At its Bornite deposit, the Ruby Creek zone has indicated resources of 6.8 million tonnes grading 1.19% copper and inferred resources of 47.7 million tonnes grading 0.84% copper, while the South Reef zone of Bornite has an inferred resource of 43.1 million tonnes grading 2.54% copper.
NovaCopper announced additional assays from exploration drilling at Bornite at the end of 2013 that it says suggest the two zones might be linked, which could increase the scale and economics of any future operation.
At Arctic, an updated preliminary economic assessment completed in July 2013 outlined a 10,000-tonne-per-day open-pit operation that would produce 125 million lb. copper, 152 million lb. zinc and precious metals over a 12-year mine life. The study concludes that the project would generate an after-tax net present value at an 8% discount rate of $537 million, and an 18% after-tax internal rate of return at US$2.90 per lb. copper, US85¢ per lb. zinc, US90¢ per lb. lead, US$22.70 per oz. silver and US$1,300 per oz. gold.
Donnelly points to some of NovaCopper’s other attributes — which include the project’s location in Alaska, which it says is “one of the most stable mining jurisdictions in the world” — and the junior’s strong relations with the NANA Regional Corp., which is a native-owned corporation.

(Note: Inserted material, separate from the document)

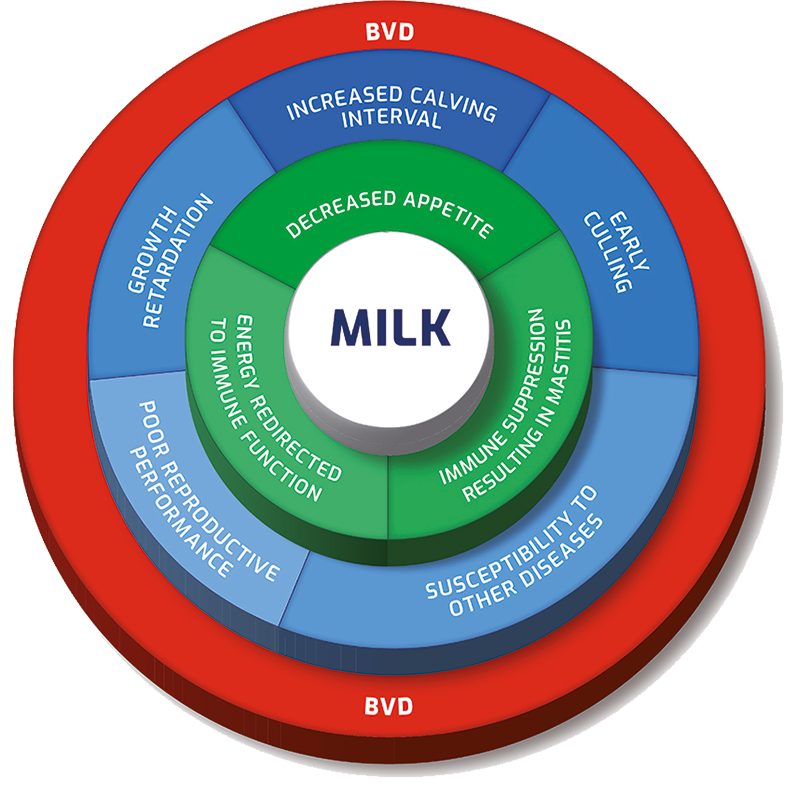 Figure 2.. Bovine viral diarrhoea infection impacts many areas of cattle health, and all can add up to reduce milk production.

NANA was set up as a for-profit operation in 1971, and today has more than 13,500 Inupiat shareholders, with roots in northwestern Alaska. In 1982, the corporation and Teck Resources (TSX: TCK.B; NYSE: TCK) developed the Red Dog zinc mine under an innovative operating agreement. The NANA region encompasses 38,000 square miles, most of which is above the Arctic Circle, and includes 11 villages: Ambler, Buckland, Deering, Kiana, Kivalina, Kobuk, Kotzebue, Noatak, Noorvik, Selawik and Shungnak.
Under the terms of NovaCopper’s agreement with NANA, the corporation is to receive a net smelter return royalty of 1–2.5%, and has the option to participate as an equity partner (16–25%), or receive a net-proceeds royalty.
“Many of our peers have issues with First Nations and other indigenous groups,” Donnelly says. “NovaCopper’s management has considerable experience and success in working with First Nations and earning a social licence.”
Over the last year, NovaCopper’s shares have traded within a 52-week range of $1.45 to $2.20. They closed at $1.65 per share on Jan. 15. The company has 53 million shares outstanding.